As a 12yo I signed for Celtic BC, the premier club in Scotland at the time. My trial was against Celtic captain Peter Grant who was a year older than me. Must have done alright as I was invited back to sign. We trained at Barrowfield where the Celtic first team trained every day. So here I am at this great club where every schoolboy wanted to play (We even had many Rangers supporters playing) and training where the first team trained and all I can remember is doing ‘doggy sprints’ every night! I think we maybe had 1 ball for the team if we were lucky and that was used at the end as a treat if we had trained well.
As I progressed a bit, I signed for Hamilton Accies as a 14 yo. Our training was done on a little piece of ‘grass’ outside the old Douglas Park. Grass is a bit of an misrepresentation. It was a mud bath for 10 months of the year but that is where we trained. When I was at Hamilton there were only a handful of young boys so we trained alongside the first team and reserves. It was great experience but then a new manager in Lisbon Lion, Bertie Auld was appointed. Let’s just say that he was a great Celtic player but as a manager you just wouldn’t get away with things that were done then. His party piece was running across us youngsters with his boots on as we were doing sit-ups. This was to help build up our stomach muscles!!
Throughout my youth, I can’t think of many coaches that held any coaching qualifications. They had little, if any, tactical knowledge. However they could shout the loudest and generally ridicule players. The only time we had a proper coach was when someone like Craig Brown or Davie McParland took the sessions. The difference was palpable.
In my late teens I entered the junior ranks. I played for a few teams but the pattern was pretty similar. Our training facilities were generally a nearby local park. We trained at night. There were no floodlights although there may have been a little light from the adjacent streetlights. In the winter months we just ran all night. In the summer we maybe saw a ball but only after the running was done.

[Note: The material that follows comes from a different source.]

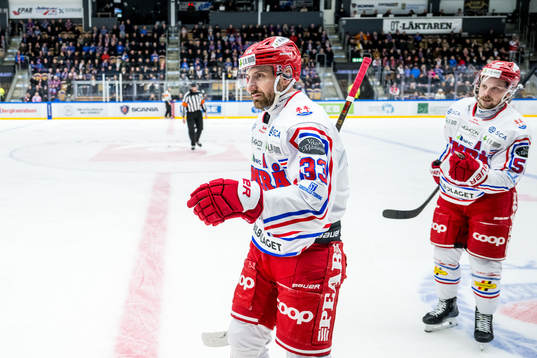Timrås Albin Lundin jublar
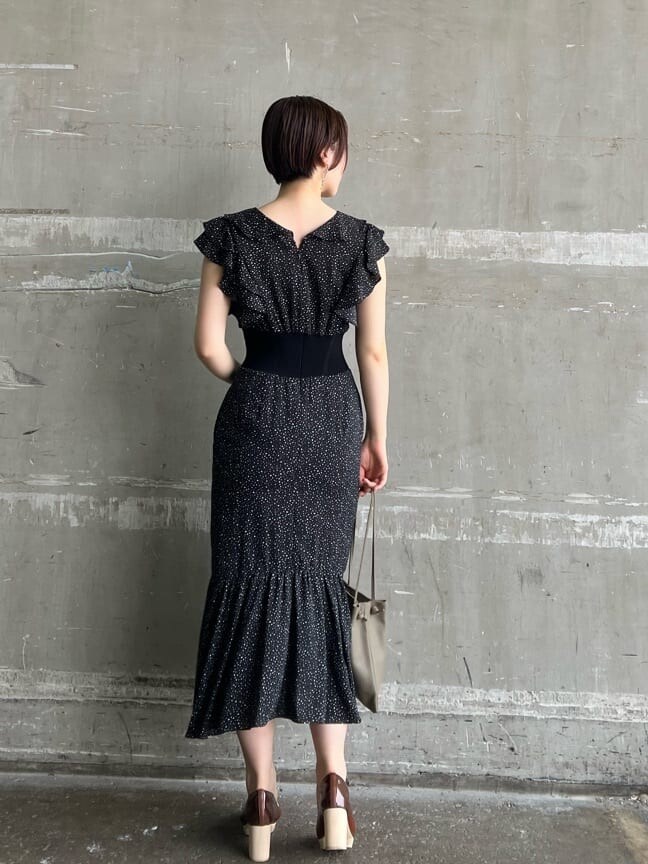 ベージュ系のハンドバッグ、ブラウン系のパンプス、ブラック系のワンピースを着用したレディースの夏コーディネートの3枚目の写真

So you can now see the picture I am painting. Ironically it did produce players from these environments.
Compare that to the present day. All our teams train on 3G pitches with floodlights by qualified coaches who have PVG clearance. Matches are well organised with refs and sometimes linesmen. Clubs have codes of conduct, constitutions and well structured committees.
Players are generally given all their playing and training kit. Parents provide some of the flashiest and most expensive boots on the market. Bullying which was very evident in my day, will not be tolerated in any shape or form. We have progressed massively from the days I have described. However, the contradiction is that despite all these improvements we are not producing players in the same way.
I definitely don’t want to go back to the bad old days but how do we build in the resilience that was created back in the day? The world has changed a lot through my life. Progress is key. Learning is critical. Are we taking these lessons and applying them today or just accepting our plight? Can we learn from these ‘old days’?
My world is very different from my childhood and youth. I spend less time with my kids than my parents spent with me as I work longer hours and many times away from home. I remember having lunch every day with my Dad (even if it was a Scotch Pie and a sticky bun). Dinner was always at 5pm and we ate together as a family every day. Supper was toasted cheese before bed as a religion. So, as I strive to give my kids more than I had, the irony is not lost on me that I actually might be giving them less!
So as much as I hark back to my youth, I need to find a way to take the good bits and bring them into modern life.Once we work this out, maybe then we will produce modern footballers from a modern world.
Finally, remember we are living the good old days for our future self. So live in the NOW while learning from the past. Or put better by my favourite Stoic, Marcus Aurelius:
“Forget everything else. Keep hold of this alone and remember it: Each one of us lives only now, this brief instant. The rest has been lived already, or is impossible to see.”